I was called into a courtroom with a pool of 50 or 60 other potential jurors for a murder trial. After preliminary screening, an initial round of us was called into the jury box for more intensive questioning. The judge asked whether any of us had ever been a victim of any crime, large or small. I was sexually assaulted over 15 years ago, so I raised my hand along with a few others...and the I realized that each person was being asked to recount the details of the crime, in front of an audience of 50 plus people. When it was my turn, I asked if I could approach the judge (even though this was never presented as an option.) I stood in front of the judge, surrounded by the three attorneys, the court officer, and the court clerk (all male.) Although only the people nearby could hear what I said, I think the whole courtroom could hear what the judge was saying in response, such as when he clarified "it was a rape?" The judge asked me several questions about the crime (which I answered, near tears, in about the tiniest voice imaginable.) Finally he asked whether any of this would affect my judgment.

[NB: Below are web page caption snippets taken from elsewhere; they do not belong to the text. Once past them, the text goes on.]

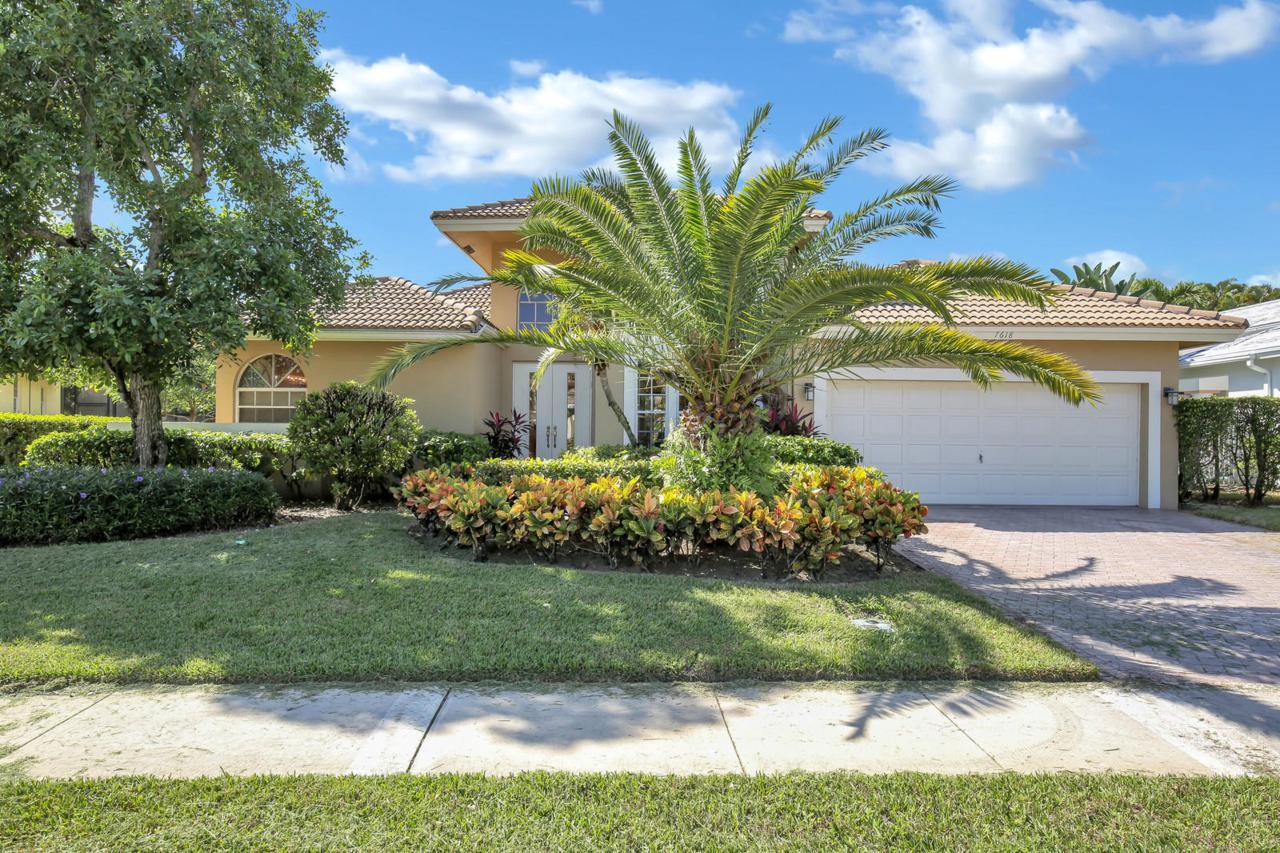 7618 La Corniche Circle - Photo 1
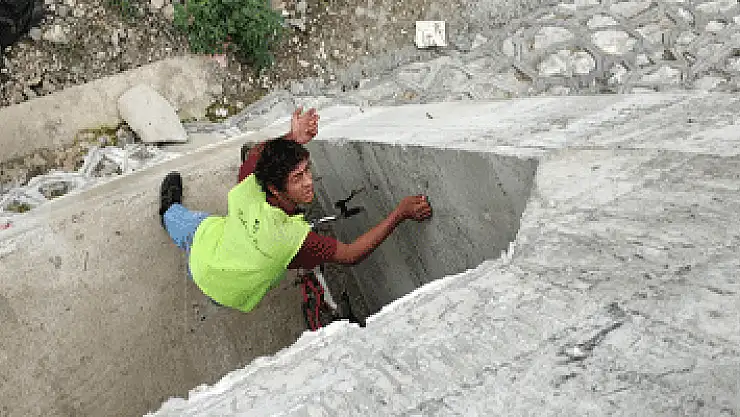 Menfezde uyuya kalan genç, polisi alarma geçirdi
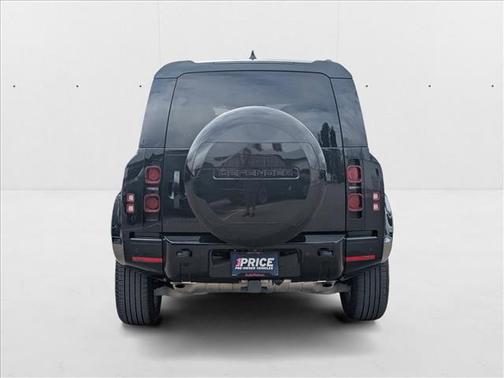 2024 Land Rover Defender 110 P400 X-Dynamic SE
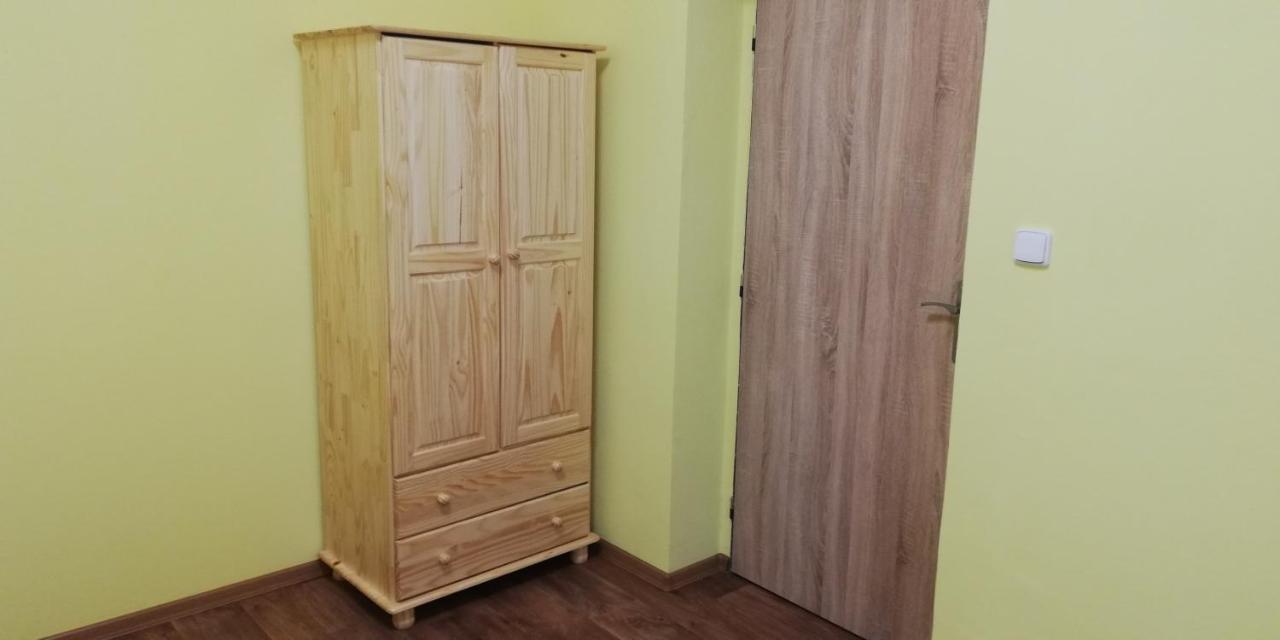 Booking Trzni Decin Exteriör bild
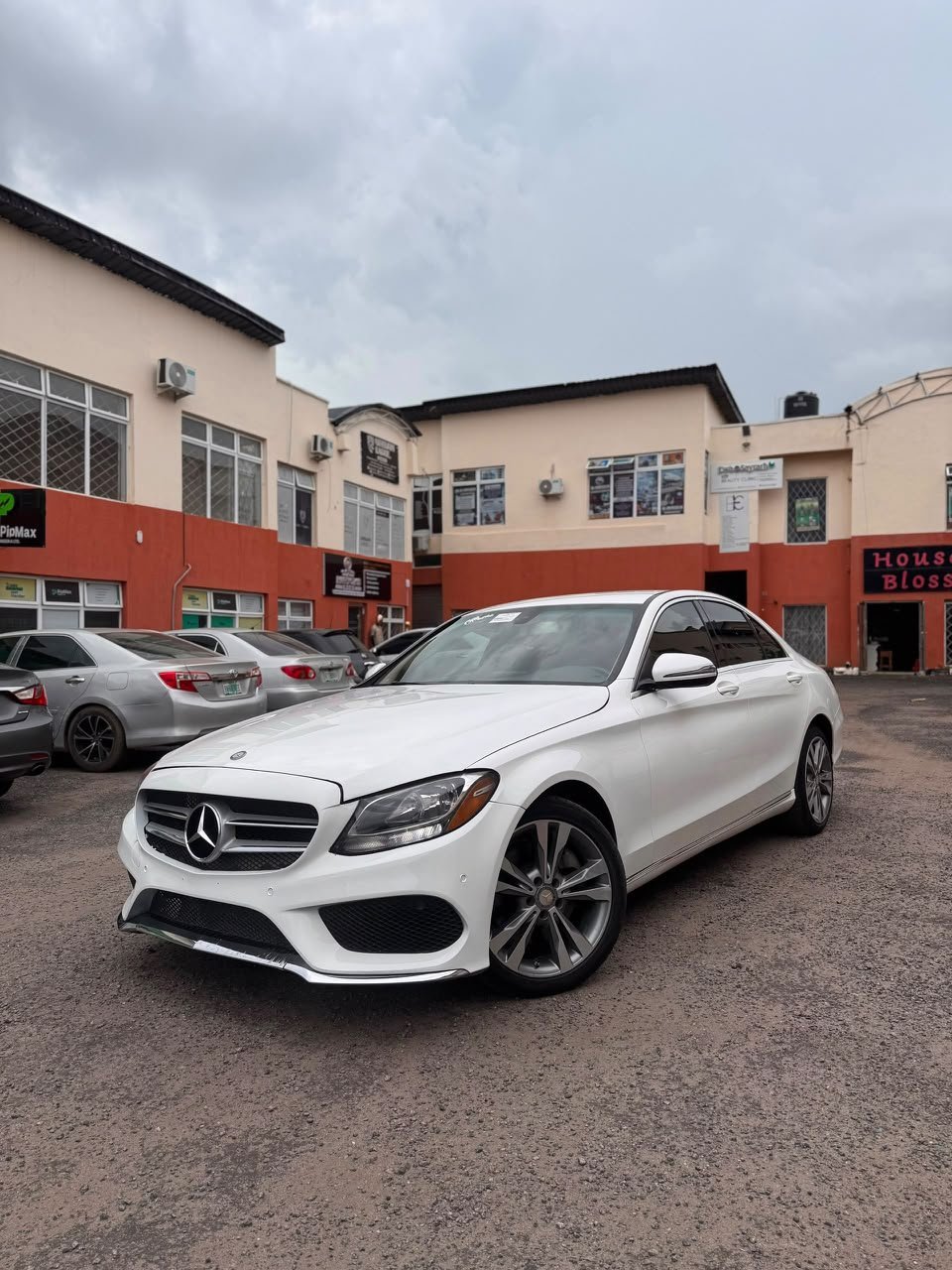 mercedes-benz-big-0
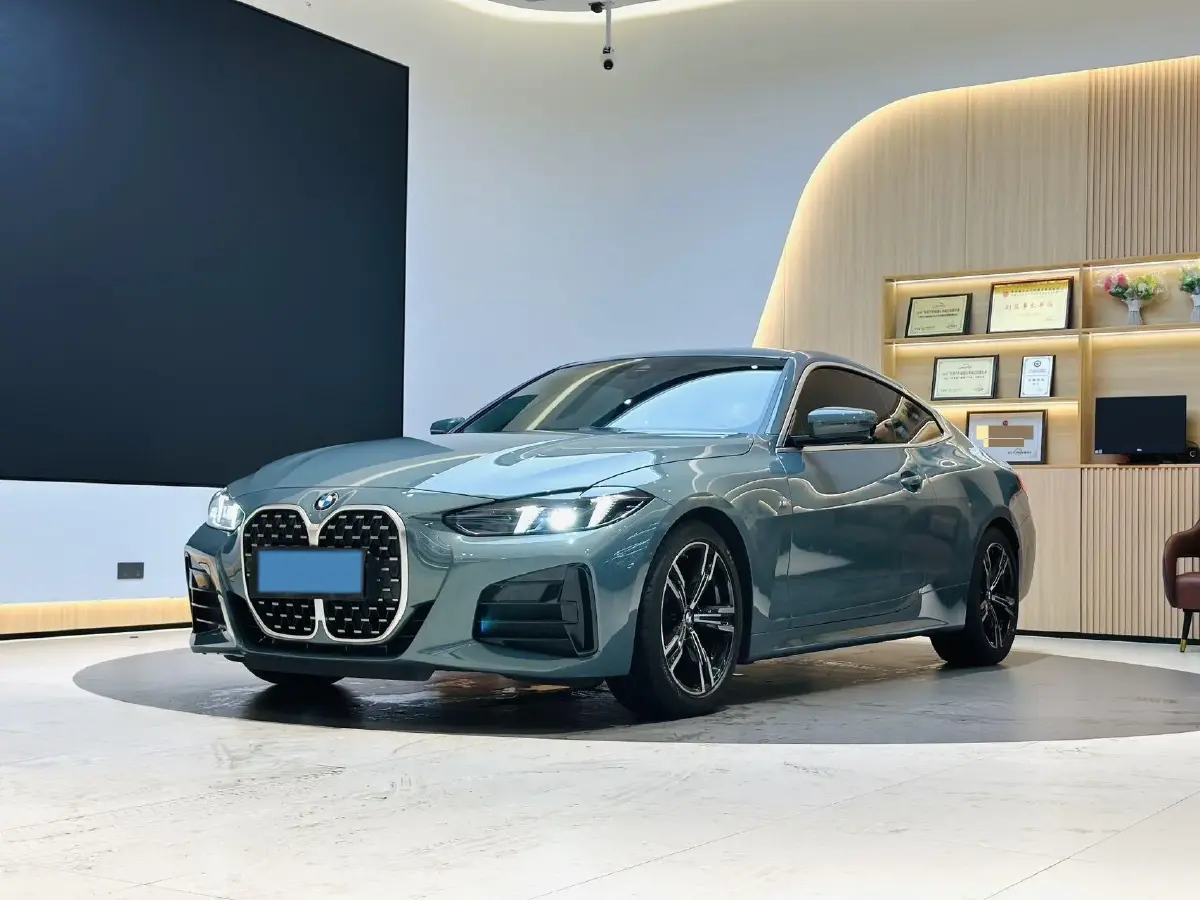 2024 BMW 4 Series 2.0T 184HP L4 8AT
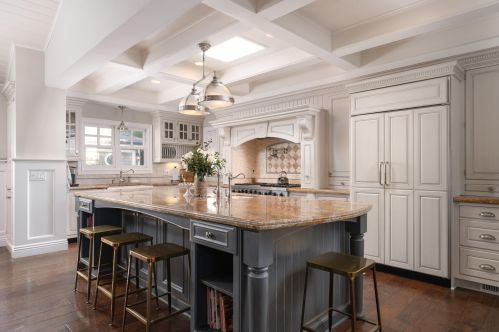 3400 Los Pinos Dr, Santa Barbara CA  93105-2632 exterior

I said yes, mostly so that I wouldn't have to be in the same room with any of these people again. I was dismissed and left the courtroom.

This was the most uncomfortable I have felt in a long time. Before approaching the judge I had been asked to state and and spell my name and where I worked, in front of the full courtroom. Although it rarely factors into my day-to-day life anymore, there was a lot of secrecy around my attack (which was never reported) so "telling" has always been fraught. The judge was writing down everything that I said on a grid with each juror's name. For those of you who have been involved in court proceedings, do you know what happens with this information? Does it become part of the case record? I don't think the stenographer was taking down what I said, but I was too dumbfounded to really notice.

I really really regret raising my hand, but for whatever reason I felt compelled to answer truthfully. Is this normal jury selection procedure? Now that I know that this is a standard question in jury selection, is there a way to avoid this if I am called again for criminal court?

Throwaway email:
posted by anonymous to Law & Government (29 answers total) 2 users marked this as a favorite
Yes, this is standard. Next time tell them you have a family member in law enforcement, you'll most likely get dismissed.
posted by fixedgear at 2:31 PM on March 25, 2011

It was normal for me, in the selection processes I've been through, which included one murder trial. Although in our courtroom, the judge made it clear that if there was a reason you felt you couldn't serve but didn't want to discuss in open court, you could go into chambers. A few people did this, and it involved the judge, the attorneys, and the clerk. I can't remember if the bailiff went too.

As far as I know, there's no way to avoid being called for jury duty for criminal court. I'm sorry this happened to you and upset you so much.
posted by rtha at 2:34 PM on March 25, 2011

fixedgear's suggestion of perjuring yourself in court is probably unwise.
posted by 0xFCAF at 2:35 PM on March 25, 2011 [38 favorites]

question is standard, although normally when i have been in the jury pool a juror gets a little more privacy than that, as in noone but the judge can hear.
posted by domino at 2:36 PM on March 25, 2011 [1 favorite]

As far as I know, there's no way to avoid being called for jury duty for criminal court.

Don't know how it works where you live, but it's simple where I reside: Don't register to vote. The data is pulled from voter registration rolls.
posted by fixedgear at 2:42 PM on March 25, 2011 [1 favorite]

If you feel uncomfortable about it you are under no requirement to go into any details. All you need to say is that you were assaulted and if pressed for further details, simply say that you don't want to discuss it.
posted by JJ86 at 2:44 PM on March 25, 2011 [18 favorites]

Don't register to vote.

I was talking about criminal vs civil jury duty specifically.
posted by rtha at 2:48 PM on March 25, 2011

Like Rtha, the judge at my trial made it clear that people could speak to him privately in chambers, I'm sorry you weren't given that option.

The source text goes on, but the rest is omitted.